Task statement => Copy each line below exactly and leave the pictures out.

• • • • • • •

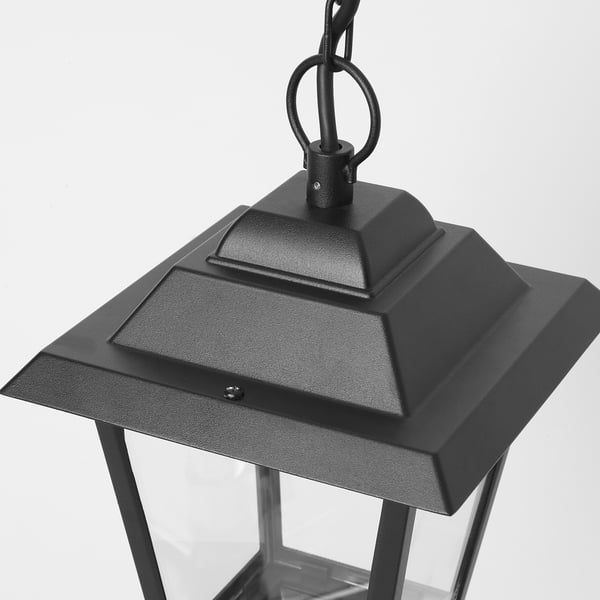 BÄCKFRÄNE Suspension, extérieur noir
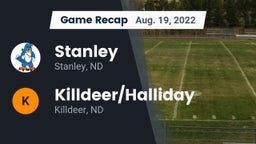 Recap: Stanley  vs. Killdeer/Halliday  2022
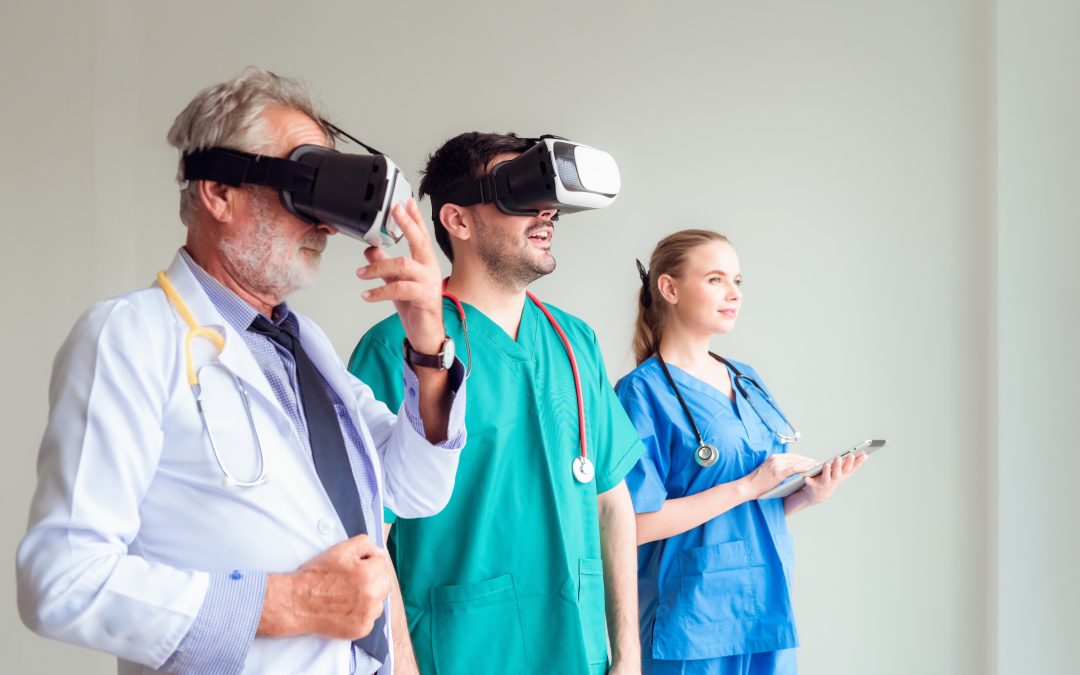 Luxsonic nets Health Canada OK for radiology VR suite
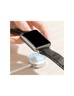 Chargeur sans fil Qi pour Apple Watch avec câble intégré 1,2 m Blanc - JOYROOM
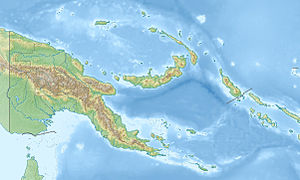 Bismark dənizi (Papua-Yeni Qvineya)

• • • • • • •

Your solution =>
 BÄCKFRÄNE Suspension, extérieur noir
 Recap: Stanley  vs. Killdeer/Halliday  2022
 Luxsonic nets Health Canada OK for radiology VR suite
 Chargeur sans fil Qi pour Apple Watch avec câble intégré 1,2 m Blanc - JOYROOM
 Bismark dənizi (Papua-Yeni Qvineya)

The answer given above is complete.